John William Waterhouse was the last great classical painter of the late Victorian and early Edwardian eras. He painted in a highly individual and romantic style, drawing from subjects of classical legend, like Leighton, but reinterpreting them in a uniquely poetic and imaginative way, like Burne-Jones (Wood, 224). Among the cadre of Olympians, Waterhouse had the singular ability for combining reality and poetry. He was more of a realist than Burne-Jones but cared much less for historical and archaeological accuracy than Alma-Tadema. Thus Waterhouse had a knack for making legends of antiquity come alive without stripping them of their poetic and imaginative qualities.

Although Waterhouse's early Roman scenes resembled Alma-Tadema's technique, by the mid 1880s his pictures became more romantic and his style more individual. "For Waterhouse," writes Wood, "realism was always modified by his ideas of beauty, which were those of a conventional and decorous Victorian Royal Academician. Waterhouse could interpret a theme with considerable dramatic power, but he used realism to heighten the imaginative and poetic mood" (Wood, 228). Among an extraordinary succession of masterpieces in the 1890s, Hylas and the Nymphs remains Waterhouse's most celebrated work. It alone epitomizes the very Victorian, eclectic style that distinguished him as a preeminent Olympian.

Hylas and the Nymphs depicts the climactic scene of a story told by Ovid. Summarized by Peter Trippi: "Having killed Hylas's father, Herakles raised the orphan as his son and lover. Both sailed with Jason, who stopped on an island; sent for fresh water, Hylas was lured into the pond by naiads and drowned" (Trippi, 145). Notably, Waterhouse set this Greek tale with English models in an English wood, a strategy, reports Trippi, he had pursued for years. In terms of realism, the painting is a mixed bag. Plot wise, it is a faithful representation of the story. But Hylas never would have met fair Victorian models, all with such an unmistakable Waterhouse look, on a Mediterranean island. Artistically, however, his nymphs are real even if they lack the photographic quality favored by Leighton and Alma-Tadema, especially when compared to Burne-Jones's figures.

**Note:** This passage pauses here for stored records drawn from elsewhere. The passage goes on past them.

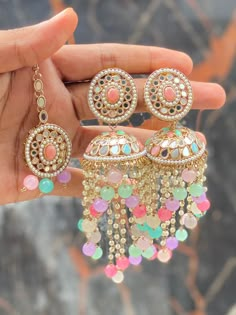 Jumkis Indian Jewelry, Crochet Cable Knit, Bridal Jewelry Ideas, Jumka Earrings, Bridal Jewelry Sets Brides, Diy Earrings Easy, Bridal Jewellery Design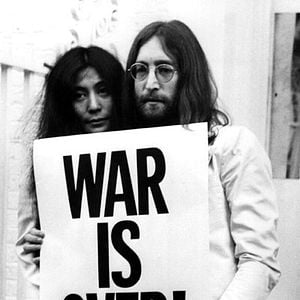 Foto Os EUA x John Lennon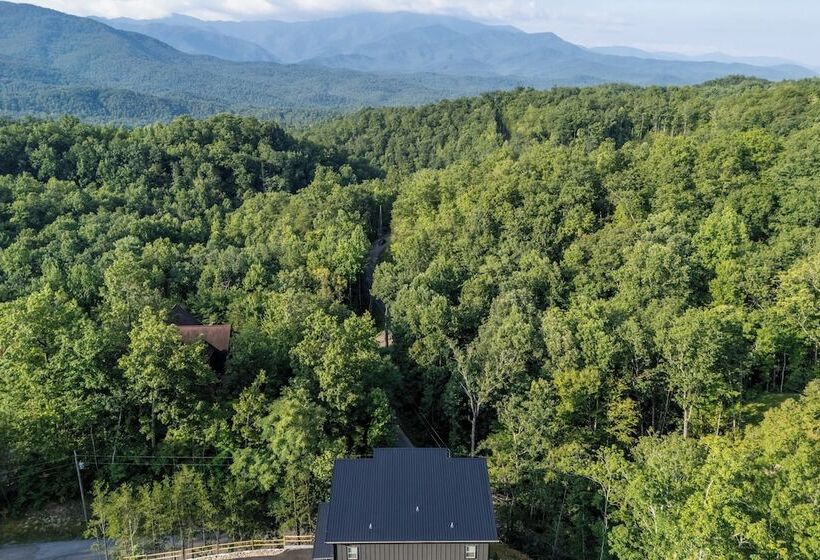 Rambling Ridge Lodge Endless Amenities & Fun Indoor Pool & Hot Tub, A+ Arcade Game Room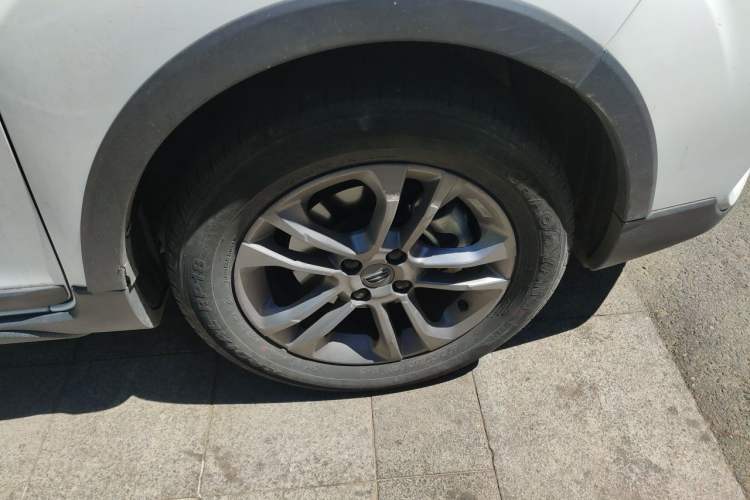 Used Geely Auto Vision X3 2019 Upgraded Model 1.5L CVT Elite Version Right Front Wheel Hub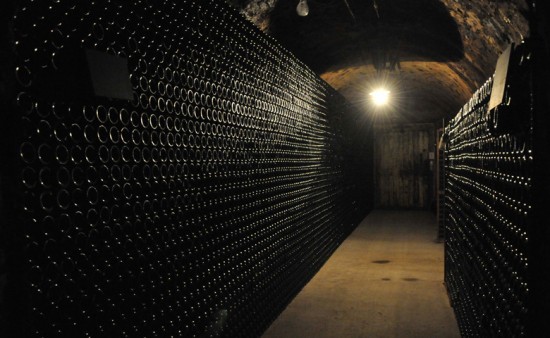 Cantine sotterranee Jacquesson con bottiglie di Champagne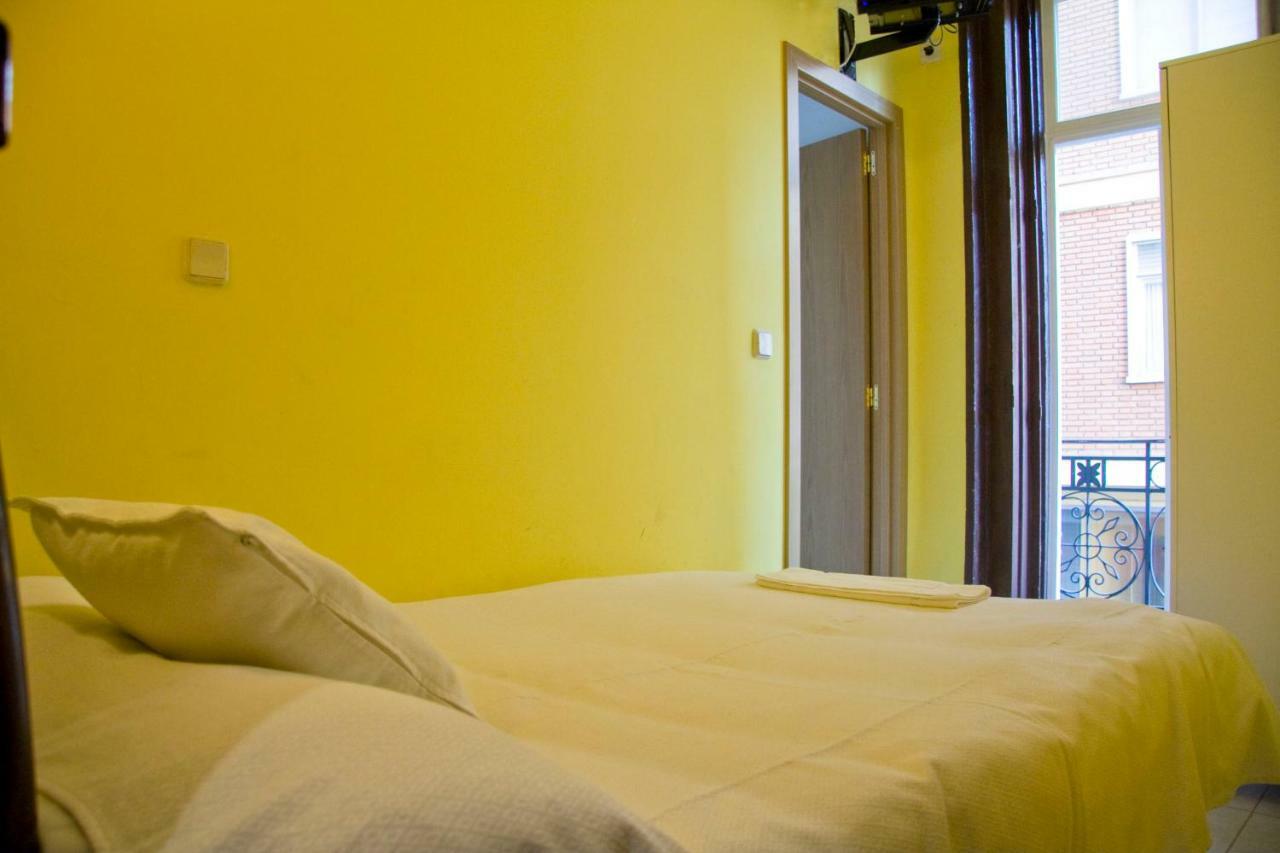 Hostal Abitum Madryt Zewnętrze zdjęcie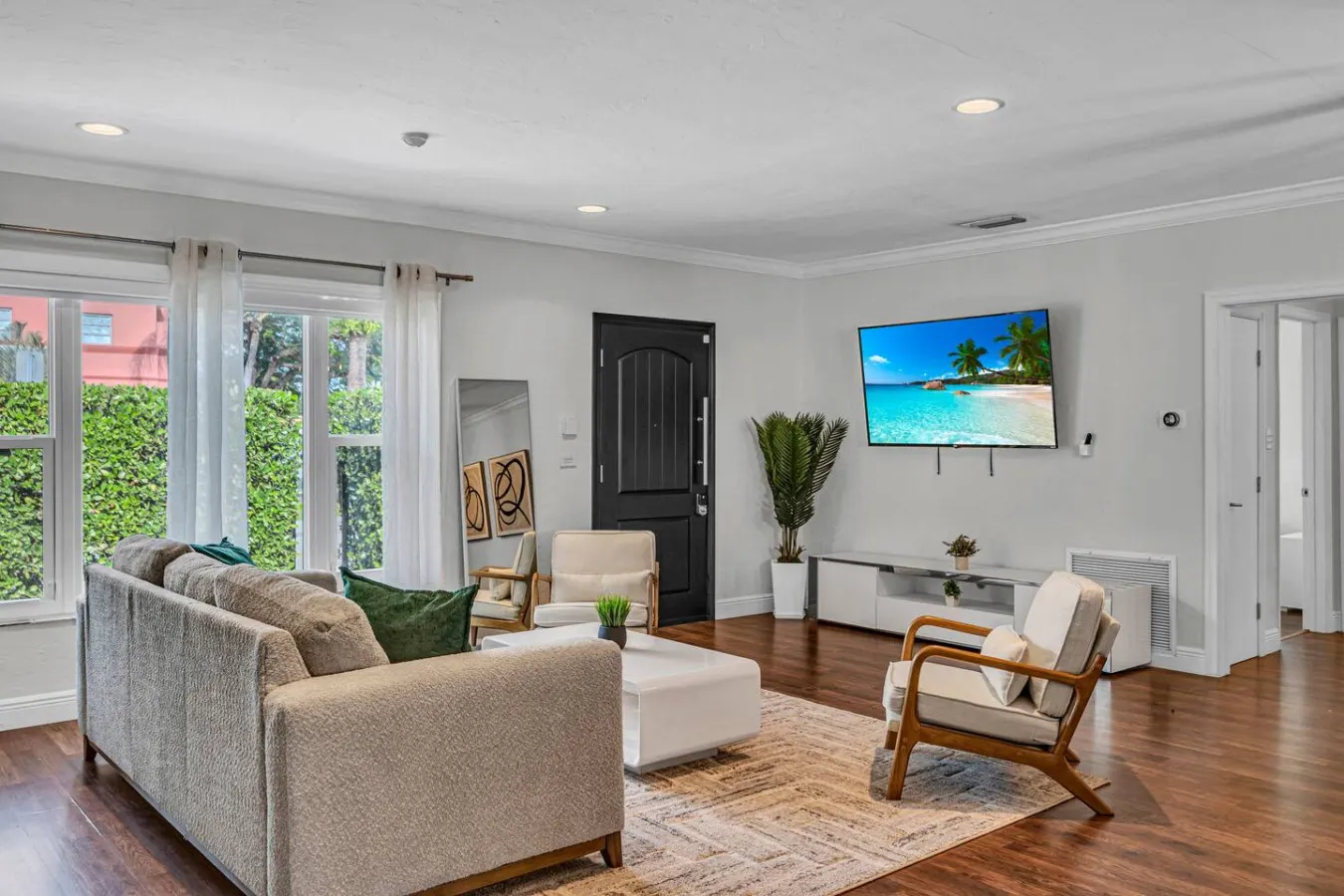 House Azure – Poolside Retreat 15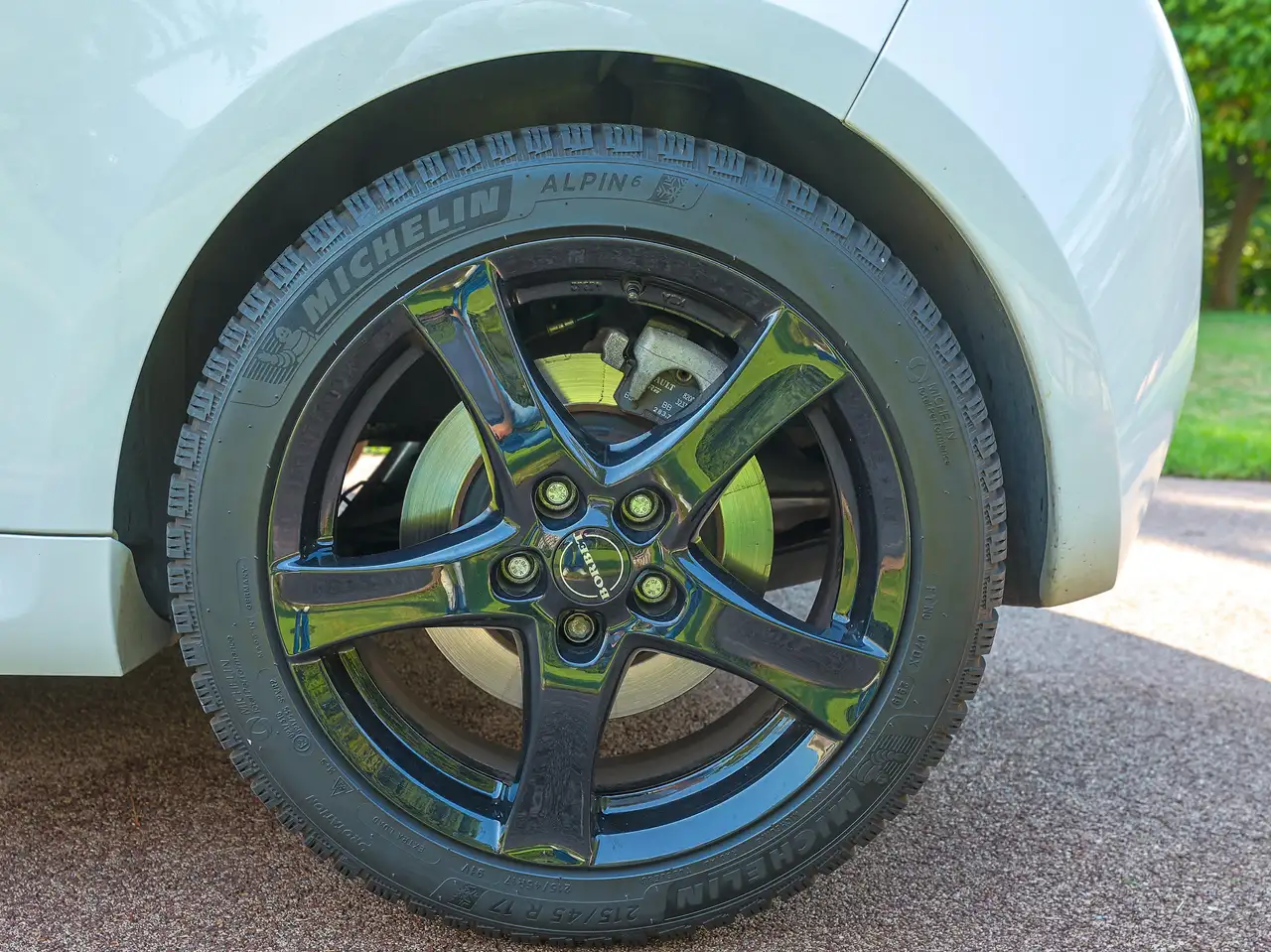 Renault Clio R.S. — photo 18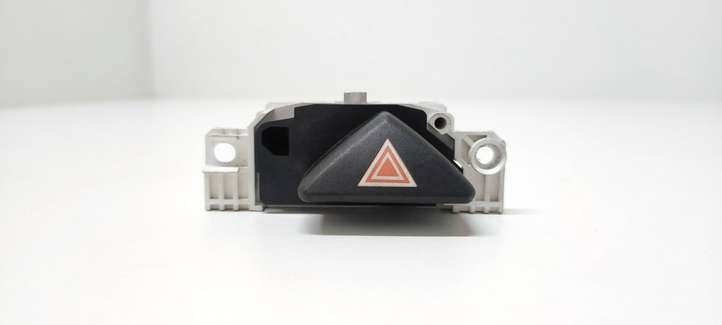Ford Focus (1998 - 2004)  2M5T13A350AA Включатель аварийных фонарей
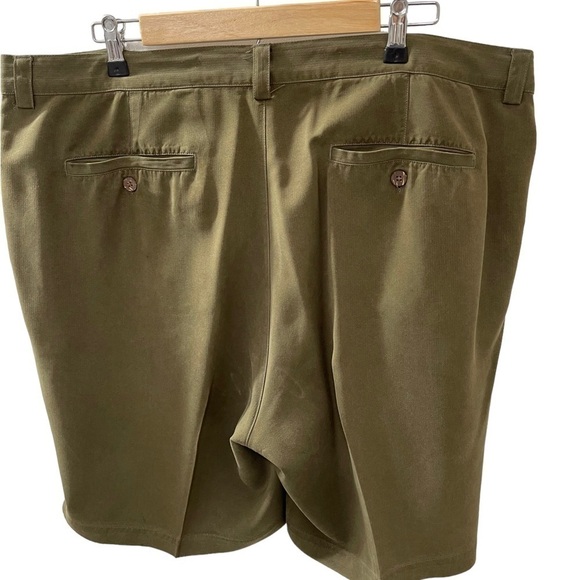 Tommy Bahama 100% silk, Relax fit, size 42 men’s shorts - Picture 4 of 6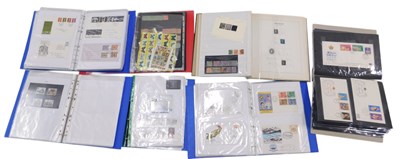 Lot 714 - Stamps.- GB.- QV.- QEII.- 3 albums, some QV...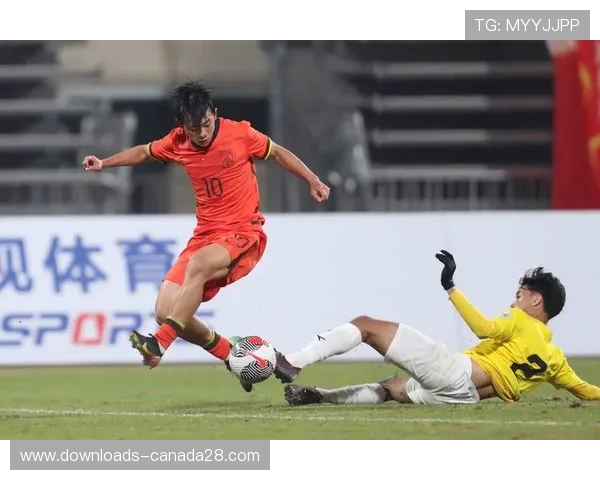 足球不止于胜负：赛后球员交换球衣展现体育精神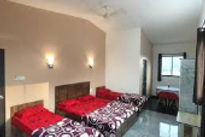 shobha-farm-house-bed-room_edited.jpg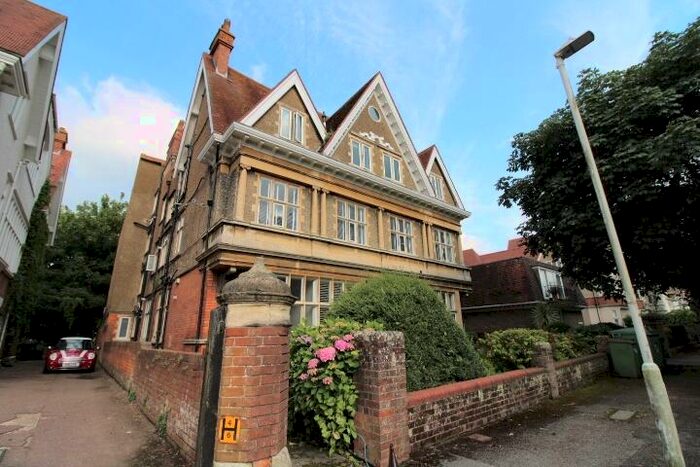 2 Bedroom Flat To Rent In Grimston Gardens, Folkestone, CT20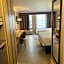 Hotel Executive Suites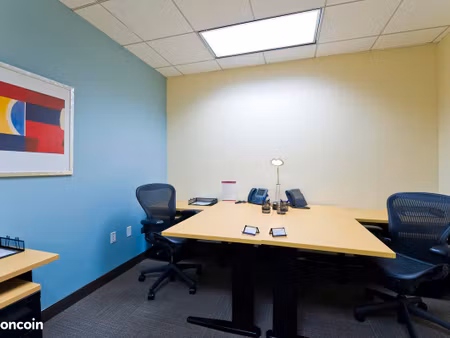 bureau privé à louer pour 3 personnes à clermont  jaude clermont-ferrand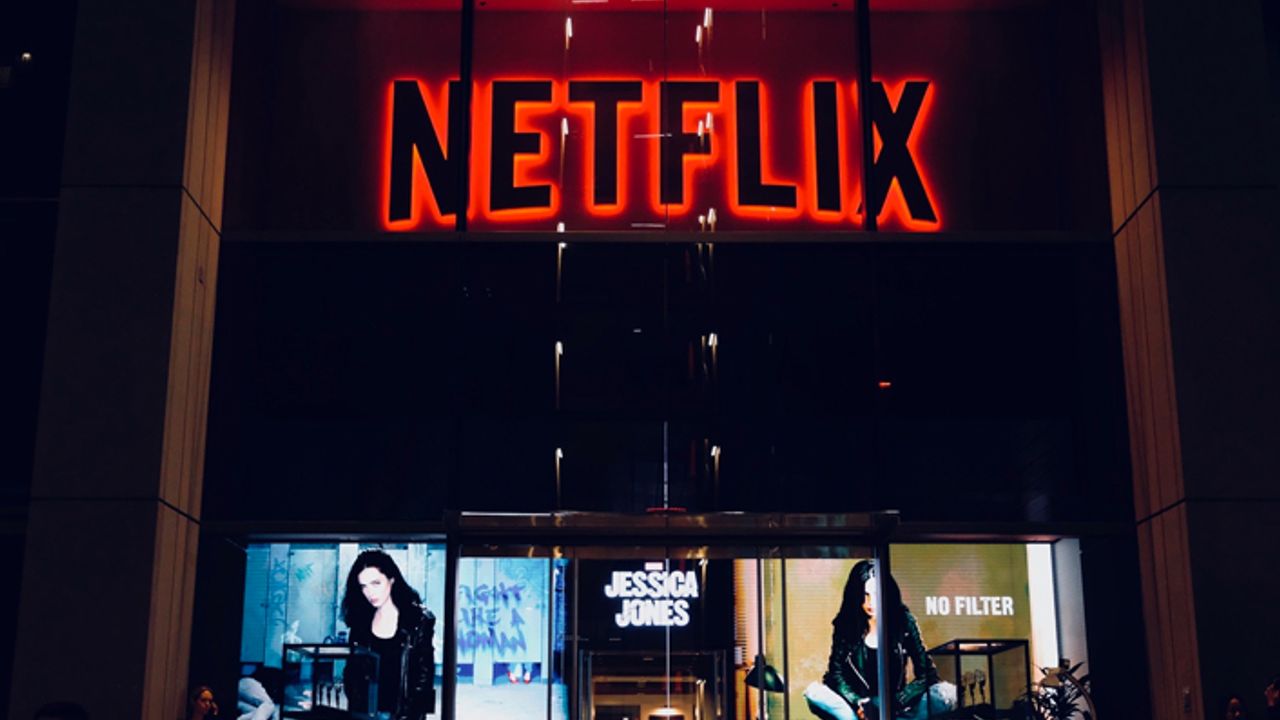 Netflix dizi izleyecek eleman arıyor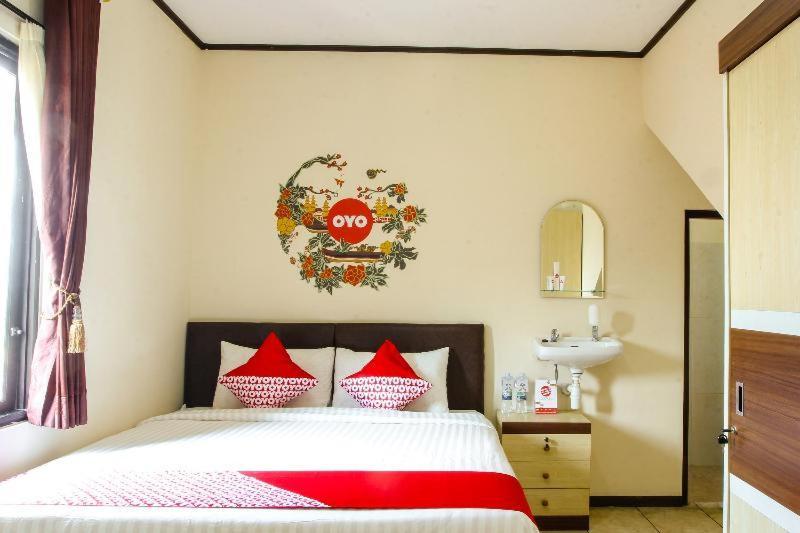 Hotel Reddoorz Near Cikole Lembang Habitación foto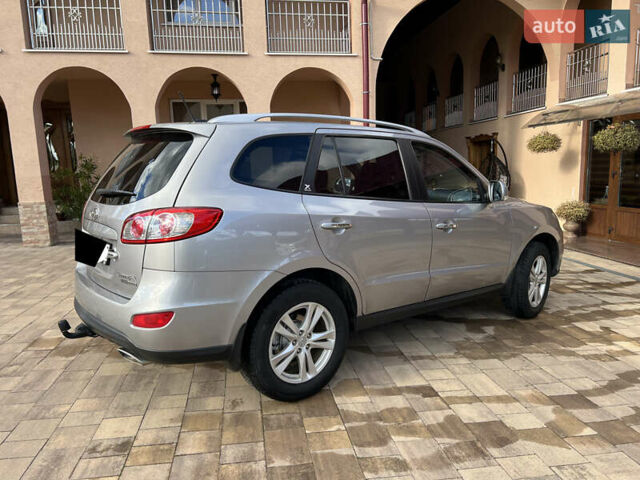 Серый Хендай Санта Фе, объемом двигателя 2.2 л и пробегом 245 тыс. км за 12900 $, фото 9 на Automoto.ua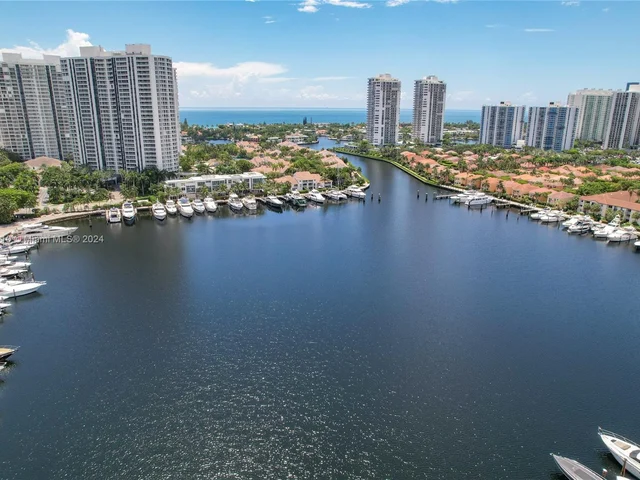 3552 Magellan Cir # 121, Aventura FL 33180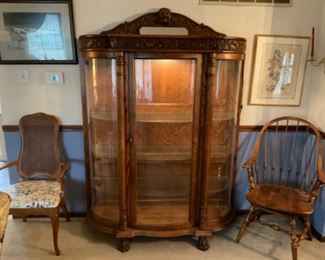 ANTIQUE OAK CABINET. 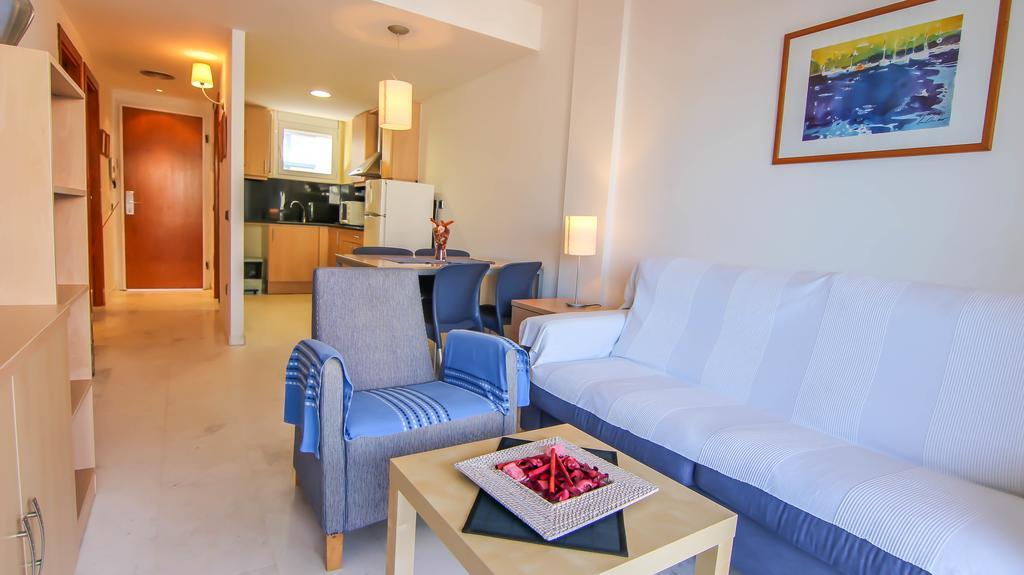 Apartamentos S'Abanell Central Park Blanes Oda fotoğraf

Critics differed in assessing Hylas and the Nymphs. A.C.R. Carter complained that Waterhouse suggested "none of the gladness which the classic legend's undercurrent of blissful immortality contains" (Trippi, 149). Other critics complained all of the girls looked the same, or at least too much like Burne-Jones's nymphs. But at least one critic, J.E. Phythian, director of Manchester's municipal gallery, drew a critical distinction: "Burne-Jones retold these old-world stories with little or no realism. Mr. Waterhouse retells them as one would do who believed them" (Trippi, 149). The absence of sharp edges and translucent water-lilies give the painting a dream-like quality, but the real and distinctly English elements make the legend of antiquity come alive. Other critics picked up on Waterhouse's eclectic style. The Magazine of Art hailed it as a masterpiece, at the very least equaling "the highest qualities of Sir Edward Burne-Jones at his most delightful period."

The color is not so robust as usual, but it is subtler; the drawing is, perhaps, daintier than ever, and not only daintier but more masterly and more poetical. The grouping of these sweet-eyed nymphs is superb in its apparent accident; their fair forms rise like flowers from among the lily-leaves; the flesh tones are cool and beautiful in colour; and a spirit of real poetry pervades the canvas. (Cited in Wood, 235).

Because he could blend poetry and reality so well, Waterhouse was the ideal interpreter of ancient myth.

Victorian Classicism in Painting: Common Inspiration with Eclectic Ends

Bibliography

Trippi, Peter. J.W. Waterhouse. London: Phaidon, 2002.

Wood, Christopher. Olympian Dreamers: Victorian Classical Painters, 1860-1914. London: Constable, 1983.